Keir Starmer will be a better Labour prime minister than he is leader of the opposition
The fracas over the Commons’ Gaza ceasefire vote was a useful lesson to the PM-in-waiting of how brutal politics can be, and that it is lonely at the top. But, says Andrew Grice, Starmer has actually emerged from it all in a stronger position
Keir Starmer dodged a bullet by avoiding the biggest Labour rebellion of his leadership and more frontbench resignations. Although he emerged as the winner from the Commons chaos and procedural fiddling while Gaza burned, the Labour leader has lessons to learn from a week that damaged our political class.
Starmer denied threatening Lindsay Hoyle, the Commons speaker, with the prospect of losing his job if he did not call Labour’s amendment on a ceasefire in Gaza and Israel. If Hoyle had not broken with precedent to do so, up to 100 Labour MPs might have voted for the Scottish National Party’s more strongly worded motion. But Labour’s denials do not rule out the possibility that one or more Labour figures outside of Starmer’s office reminded the speaker that he would need the votes of the party’s MPs to be re-elected after the general election.

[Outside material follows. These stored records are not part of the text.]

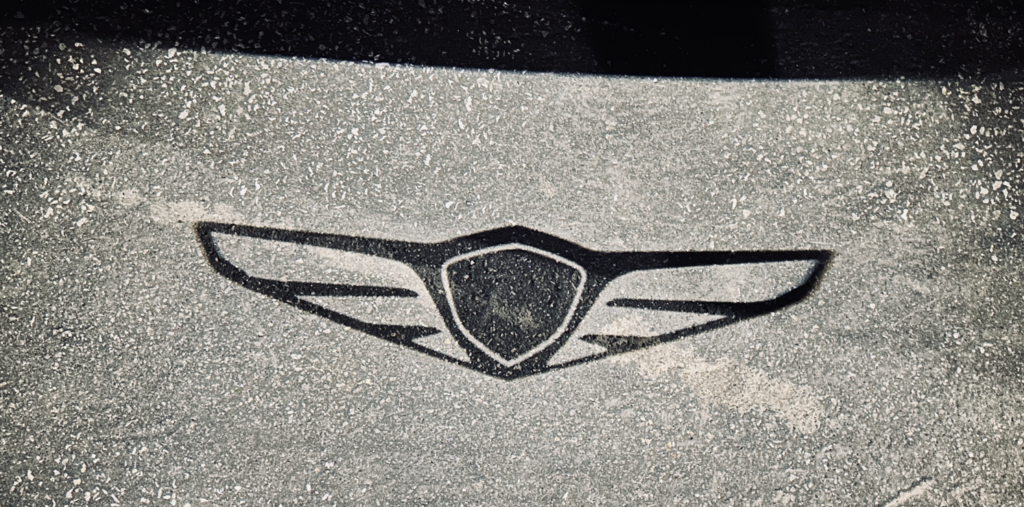 2025 Genesis GV70 3.5T - Approach lighting with Genesis logo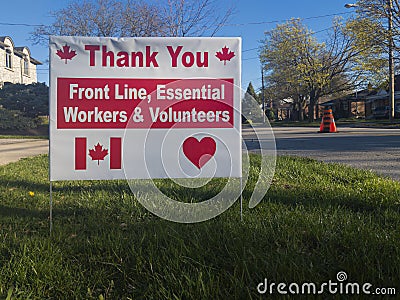 Thank you front line, essential workers & volunteers sign in front of a house during corona virus pandemic outbreak Stock Photo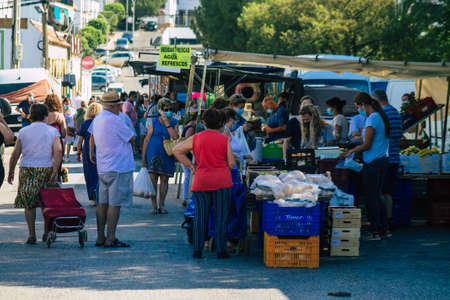 Carmona Spain July 19, 2021 Unidentified Spanish people with face mask shopping at local market in downtown during Coronavirus outbreak hitting Spain, wearing a mask is mandatoryのeditorial素材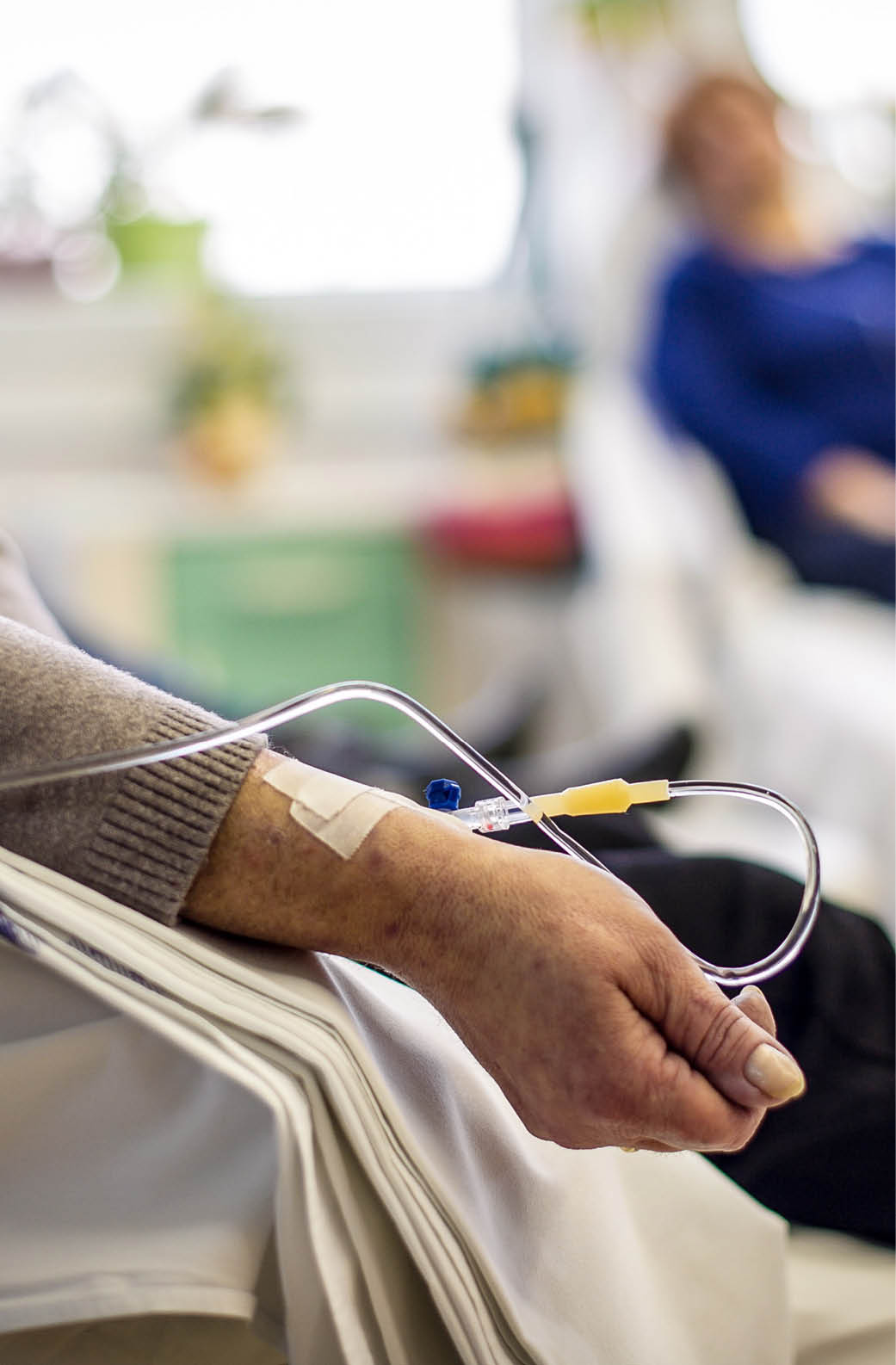 Cancer patients receiving chemotherapy treatment in a hospital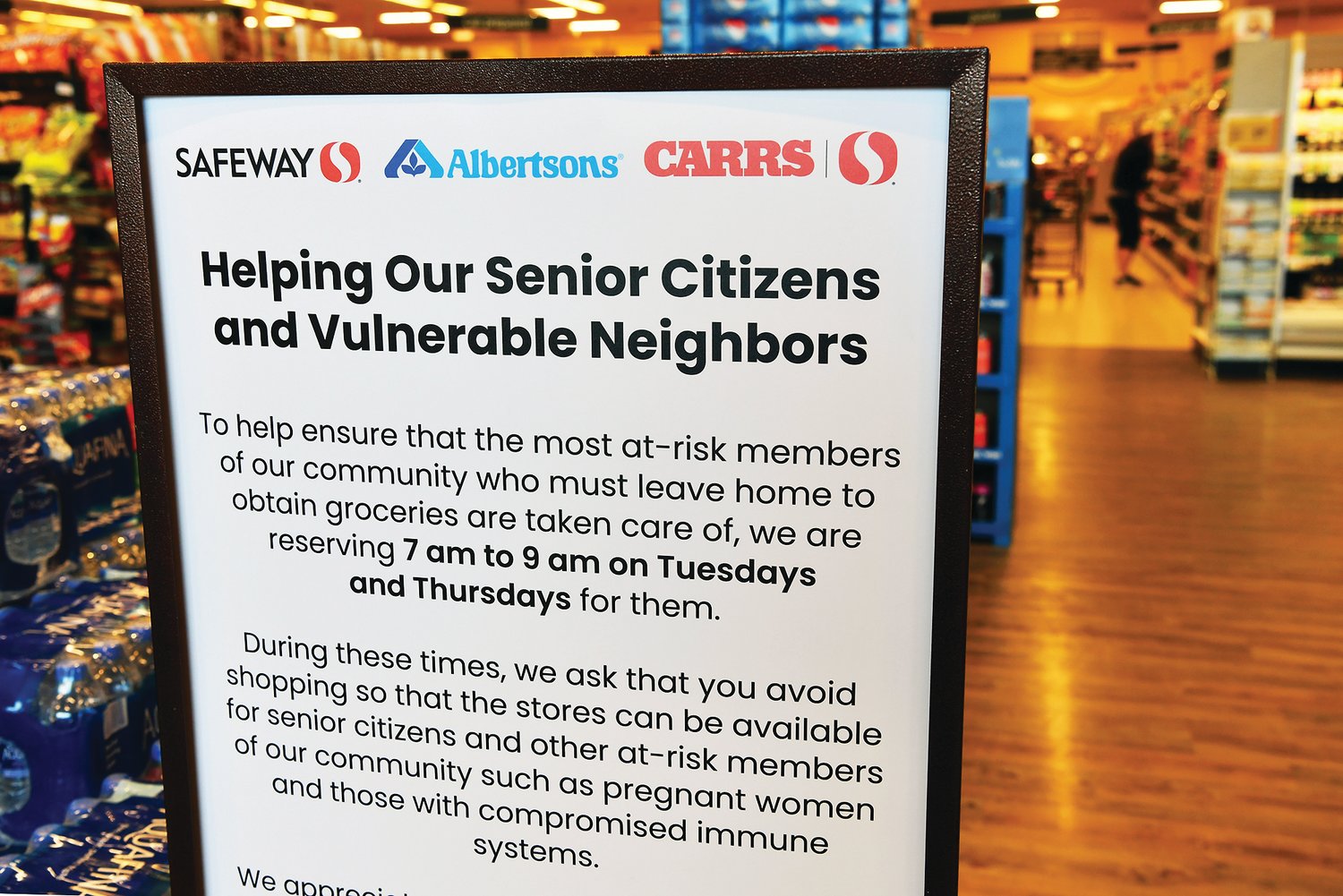 A sign on March 23 near the entrance to Yelm Safeway tells another tale of COVID-19, this one to help shield seniors and other at-risk shoppers from crowds that could pass on the virus.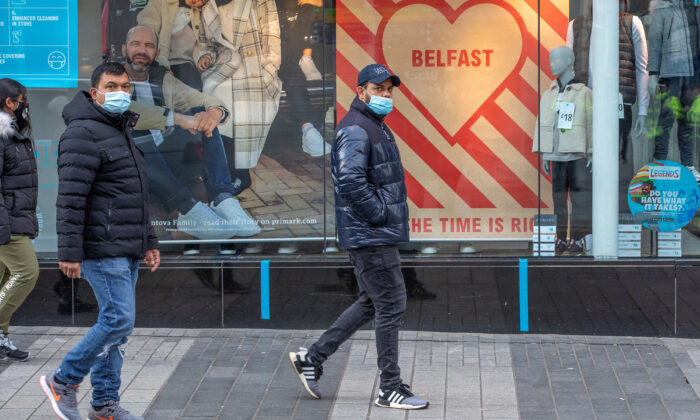 Pedestrians wearing a mask or covering due to the CCP virus pandemic, walk past a clothes shop in Belfast on Nov. 27, 2020. (Paul Faith/AFP via Getty Images)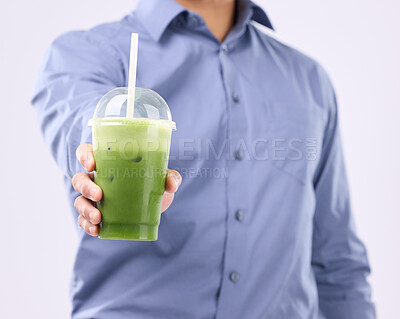 Buy stock photo Smoothie drink in man hands isolated on white background for diet, detox and healthy breakfast offer. Person or nutritionist hand holding or giving green juice for healthy or vegan protein in studio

Tom Baldwin, author of the revealing Keir Starmer: The Biography, which was published this week, notes that the highly sensitive Gaza issue has forced Starmer to spend more time talking to his MPs. “He had often been told by staff he needed to do more of such meetings, but they aren’t the kind he much enjoys,” Baldwin writes. Starmer had better get used to it: he will need his MPs’ support if he becomes prime minister.